The decision to shoot the film in high contrast black and white was somehow inevitable. Can you imagine this film in color? For me, this is a clear example of why black and white photography is the only choice for certain subject matter. Despite the aesthetic considerations, too many movies are filmed in color because it’s much more commercially viable. Michael Chapman’s cinematography evokes the time period of the movie’s setting and makes the lives and surroundings of the characters feel spare. It reflects La Motta and his first wife living a modest existence in The Bronx in 1941, but remains as stark later when he’s married to Vickie and living wealthier lifestyle.

The two greatest discoveries made by Raging Bull were the actors Joe Pesci and Cathy Moriarty. Pesci had made one or two films prior to this, but he was virtually unknown. Incredibly it still took another ten years before he became a movie star when he had Goodfellas and Home Alone released in the same year. He won the Oscar for Goodfellas (it seems he’s always done his best work under Scorsese’s direction, although he was also nominated for Raging Bull.

Moriarty made her film debut here playing the fifteen year old Vickie (when La Motta first meets her) at age nineteen.
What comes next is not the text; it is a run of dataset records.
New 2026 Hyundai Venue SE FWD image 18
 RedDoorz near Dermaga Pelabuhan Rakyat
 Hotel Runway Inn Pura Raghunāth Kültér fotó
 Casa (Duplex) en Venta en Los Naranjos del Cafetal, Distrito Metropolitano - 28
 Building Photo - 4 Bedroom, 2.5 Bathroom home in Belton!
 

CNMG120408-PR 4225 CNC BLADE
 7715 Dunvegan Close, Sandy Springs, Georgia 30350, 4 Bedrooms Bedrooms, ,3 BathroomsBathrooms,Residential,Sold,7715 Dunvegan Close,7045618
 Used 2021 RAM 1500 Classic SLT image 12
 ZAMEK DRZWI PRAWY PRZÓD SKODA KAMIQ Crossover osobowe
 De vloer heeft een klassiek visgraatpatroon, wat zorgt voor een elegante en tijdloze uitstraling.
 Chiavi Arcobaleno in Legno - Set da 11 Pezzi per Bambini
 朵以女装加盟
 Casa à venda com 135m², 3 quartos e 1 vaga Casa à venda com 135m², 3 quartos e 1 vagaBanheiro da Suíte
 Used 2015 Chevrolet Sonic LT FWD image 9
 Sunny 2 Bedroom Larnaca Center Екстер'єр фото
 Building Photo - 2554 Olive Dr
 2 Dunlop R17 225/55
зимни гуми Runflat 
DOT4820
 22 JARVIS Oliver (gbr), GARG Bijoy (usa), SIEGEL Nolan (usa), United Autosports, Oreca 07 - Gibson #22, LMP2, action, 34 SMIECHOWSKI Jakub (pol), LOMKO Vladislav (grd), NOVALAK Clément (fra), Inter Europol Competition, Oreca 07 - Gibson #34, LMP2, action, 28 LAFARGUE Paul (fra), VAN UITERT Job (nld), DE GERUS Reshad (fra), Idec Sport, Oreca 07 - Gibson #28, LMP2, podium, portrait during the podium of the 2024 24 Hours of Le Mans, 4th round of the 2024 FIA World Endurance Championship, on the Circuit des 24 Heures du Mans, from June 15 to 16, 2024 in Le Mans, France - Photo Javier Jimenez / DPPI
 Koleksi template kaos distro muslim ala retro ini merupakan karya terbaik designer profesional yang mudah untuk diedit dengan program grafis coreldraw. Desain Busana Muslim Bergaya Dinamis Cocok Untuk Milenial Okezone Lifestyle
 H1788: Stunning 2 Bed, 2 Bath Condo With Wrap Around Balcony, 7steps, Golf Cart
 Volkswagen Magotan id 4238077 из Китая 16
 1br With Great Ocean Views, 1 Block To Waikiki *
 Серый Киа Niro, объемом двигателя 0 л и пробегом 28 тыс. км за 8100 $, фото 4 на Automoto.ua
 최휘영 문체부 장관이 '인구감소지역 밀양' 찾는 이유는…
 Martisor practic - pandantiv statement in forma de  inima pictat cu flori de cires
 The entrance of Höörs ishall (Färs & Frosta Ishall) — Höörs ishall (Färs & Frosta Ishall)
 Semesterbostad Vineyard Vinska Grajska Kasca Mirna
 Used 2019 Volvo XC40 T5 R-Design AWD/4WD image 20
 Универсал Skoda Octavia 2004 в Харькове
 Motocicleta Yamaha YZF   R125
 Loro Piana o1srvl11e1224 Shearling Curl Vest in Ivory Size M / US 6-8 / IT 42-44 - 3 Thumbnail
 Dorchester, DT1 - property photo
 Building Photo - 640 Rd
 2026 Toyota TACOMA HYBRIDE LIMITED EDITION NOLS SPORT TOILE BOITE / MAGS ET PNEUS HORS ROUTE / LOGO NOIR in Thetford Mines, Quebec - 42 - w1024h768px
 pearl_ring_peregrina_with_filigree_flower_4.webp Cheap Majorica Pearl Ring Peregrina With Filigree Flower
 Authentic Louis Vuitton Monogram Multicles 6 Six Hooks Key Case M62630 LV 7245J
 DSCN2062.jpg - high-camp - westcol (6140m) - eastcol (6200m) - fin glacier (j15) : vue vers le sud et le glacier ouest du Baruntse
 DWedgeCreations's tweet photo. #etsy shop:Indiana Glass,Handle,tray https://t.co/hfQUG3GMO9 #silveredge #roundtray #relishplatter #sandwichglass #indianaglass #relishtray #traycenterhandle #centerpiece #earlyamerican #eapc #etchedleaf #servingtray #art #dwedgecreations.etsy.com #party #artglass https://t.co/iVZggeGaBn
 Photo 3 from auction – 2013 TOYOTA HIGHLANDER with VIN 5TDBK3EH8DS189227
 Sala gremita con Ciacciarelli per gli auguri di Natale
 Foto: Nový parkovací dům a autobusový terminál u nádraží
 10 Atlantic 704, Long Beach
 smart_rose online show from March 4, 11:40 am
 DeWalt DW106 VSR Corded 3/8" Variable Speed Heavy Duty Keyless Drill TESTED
With her full figure and contralto voice she doesn’t make a convincing teenager, but a younger actress would not have been able to play the older more combative Vickie nearly as successfully. When she packs to leave Jake after he punches her, she has to be determined to set out on her own with two small children, but weak enough that she succumbs to his pleas for forgiveness. Jake uses the same methods (an entirely different kind of exertion of force) on his estranged brother late in the film. Both Vickie and Joey resign themselves to making peace with Jake in those moments for lack of any better outlet.

Last month when Steven Spielberg was preparing to announce the Best Picture winner at the Academy Awards he said that the winner would join a list that includes On the Waterfront and The Deer Hunter. The other nine would join a list that includes Citizen Kane and Raging Bull. What that statement suggested to me was that it hardly matters which film wins the Best Picture Oscar or any other best film award, for that matter. History and posterity will determine the true classics. Ordinary People may still be well regarded as a good movie, but it’s not making anyone’s list of the great films the way Raging Bull does and is likely to continue to for decades to come. It may have taken a late-career revival for Martin Scorsese to finally win his long-overdue Oscar, but that shouldn’t diminish the stature of his earlier work.